First, the blade is made from some sort of exotic material. There are three main options, in order of (significantly) increasing cost:

CrystalIron (first availability TL12): Iron treated at the atomic level to form a single crystalline complex. This metal is commonly used for starship hulls. The crystal matrix is unstable, so requires a stabilizing field, supplied by a power system set into the handle, and a realignment system, usually a stand into which the blade must be inserted every so often (after use, and every week or so).

Loss of power to the stabilizing system causes the blade to suddenly lose its edge and shape, at which point it cannot be repaired. Typical standby battery life is 90 days.

Diamond (first availability TL14). The actual diamond blade is usually set into a three-layer construction with tungsten side plates. Diamond is statically stable, so requires no external stabilizing field. Lightest of all the listed blade types.

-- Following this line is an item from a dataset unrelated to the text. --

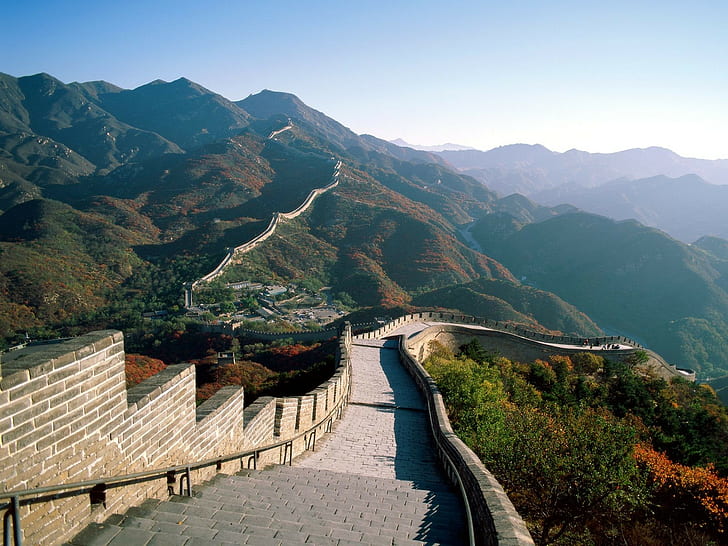 Kinesiska muren, Kina, landskap, berg, stenmur, HD tapet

Bonded Superdense (first availability TL16). Military starship hull material, usually set into a five-layer construction with crystalIron internal, and tungsten external, side plates. Requires two powered stabilizing fields, supplied by a power system set into the handle. Loss of the stabilizing field leads to loss of the blade by (relatively minor) explosion. Typical standby battery life is 60 days. Heavier than CrystalIron.

A simplistic measure of relative cutting ability is that bonded superdense cuts diamond, which cuts crystaliron, which cuts everything else.

The second change from a regular blade is that the power supply, in addition to any necessary stabilizing effect it may have, also (when the ‘on’ button is pressed), causes resonant vibrations in the blade itself. This allows it to cut through anything it could normally cut through without any real effort, just rest the blade against the surface, turn it on, and it will usually cut through using only its own weight.

Obviously the more you use the vibro facility, the more you use the battery, but these are typically equipped with warning lights, buzzers, and so on.

When the vibro is turned on, the blade typically hums, unless it is damped somehow. Holding the blade in a “chef’s grip” (thumb and forefinger holding the actual blade, not the pommel) is a quick and easy way to silence it, although this may cause stress fractures in the thumb- and finger-bones, and impairs the blade’s efficiency.